The wind feels like a March day in February. As I go to unlock the door, I finger the broken stub of a key that unlocked the gates. I remember that when I went to throw it away, Amanda said, “No, don’t. You  need a reminder of  what it was like to have those gates up, what it felt like when they came down. Keep it with you.” While sweeping the steps, someone tosses an empty orange juice box my way. What’s up with that? Trash accumulating on the 86th Street side. I’m going to have to deal with that, but for now I’ll focus on the big stuff. 

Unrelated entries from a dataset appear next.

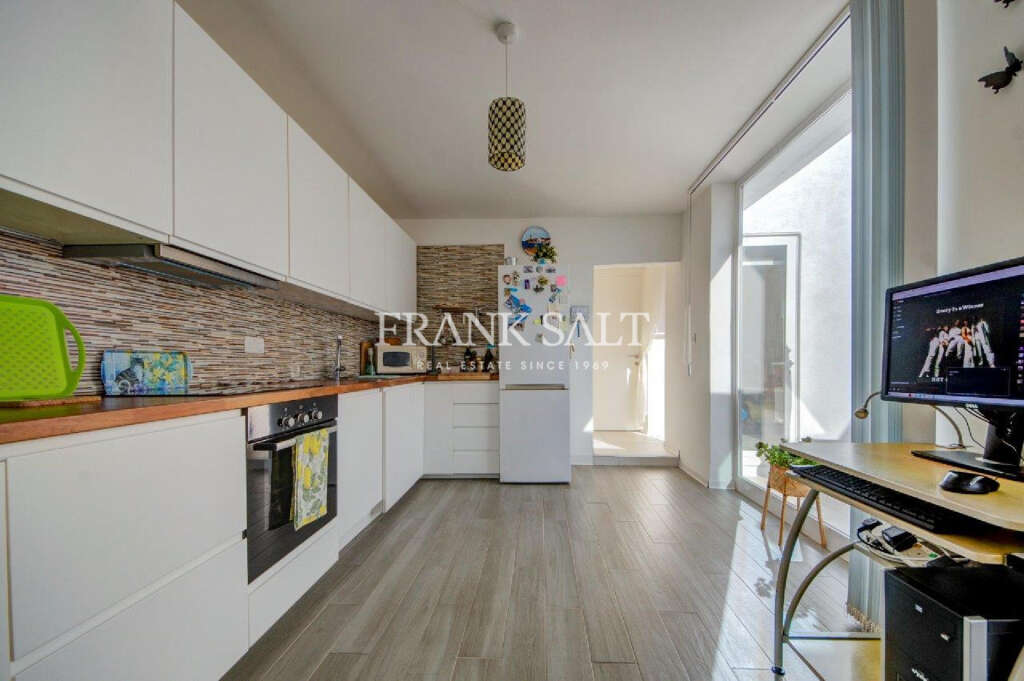 2 Bed, ApartmentFor Sale, Marsascala, Malta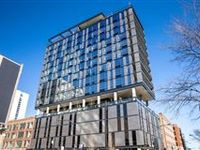 STUNNING UNIT IN RIVER NORTH'S MOST EXCLUSIVE BOUTIQUE BUILDINGS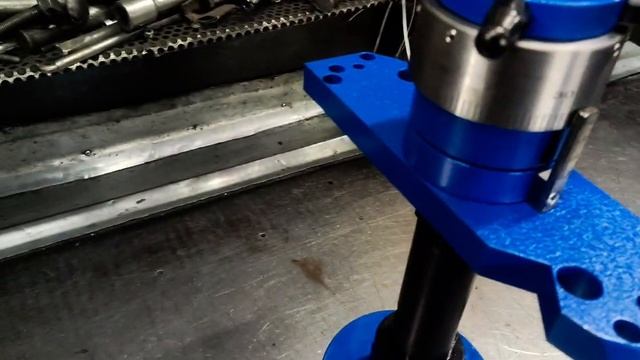 Снова Скания. Восстанавливаю посадку гильзы после Димета.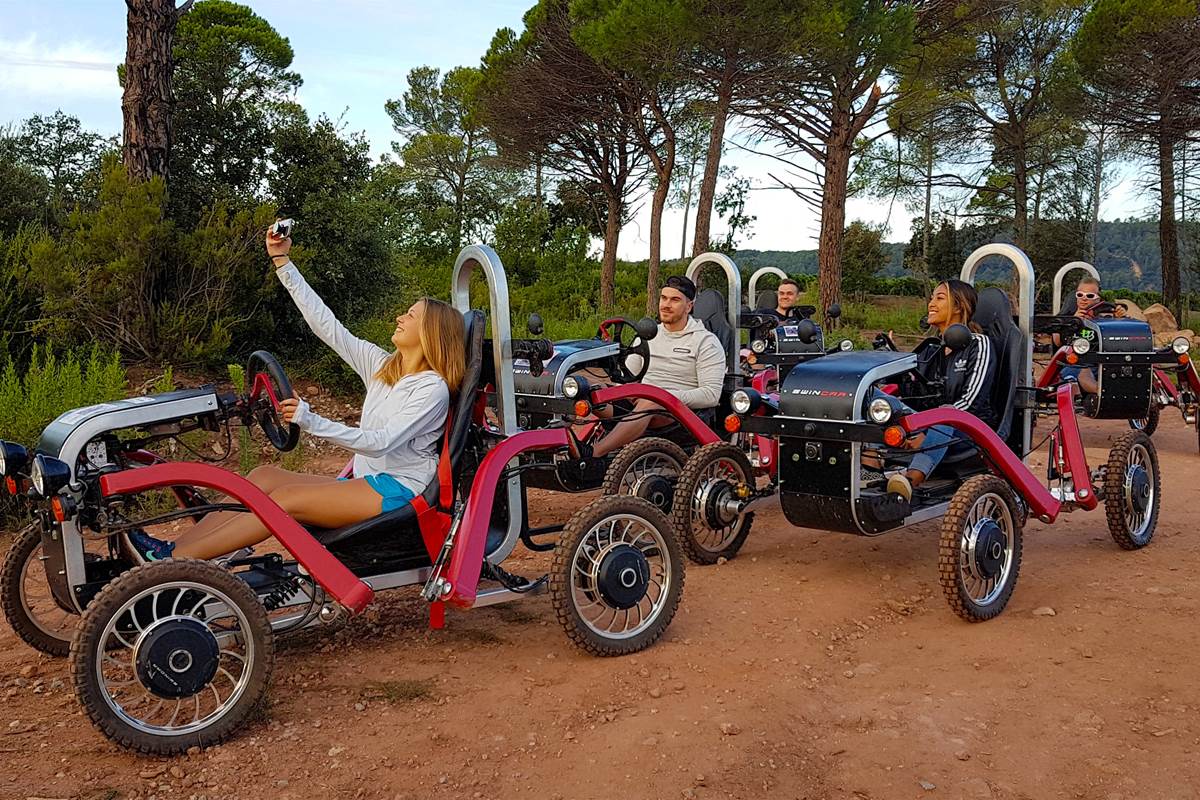 SWIN CAR FERME DES DELICES FOREZIENS BALLADE EN FORET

An older woman approaches, “Me perdon, esta usted hispano?” I simply say, “Que necesita mi hermana?” It turns out she’s looking for a particular grocery store. It’s ten blocks to the north. She’s come to ochentayseis  instead of noventayseis. I point her in the right direction. “Gracias, pepito,” she says as she leaves. 
I hear the voice of  one of my members, a single mother. “ Bob,what are you doing with a broom?” “Sweeping, “ I say. “I do this every day, have to keep the place clean.” She needs diapers for her child. It’s a difficult time, jobs hard to come by.  I offer her a personal check, but that won’t work. Western Union only cashes business checks. It will take another visit to get what she needs. Her frustration as she hangs on the edge grows harder.
I meet with Tom and Susan at Popovers, two doors down. The agenda starts with the boiler, getting new estimates, quotes. And continues with trying to break the logjam with the community groups offering assistance in return for promises not to contest landmarking and why we simply can’t do that. They seem to agree, want to help. Now to move the politicians...This stuck place around the boiler has to end for anything to flow freely. It’s slowing momentum. 
I look out the window seeing Deacon Linda on her way to volunteer again. 
The temperature will continue to drop all day long.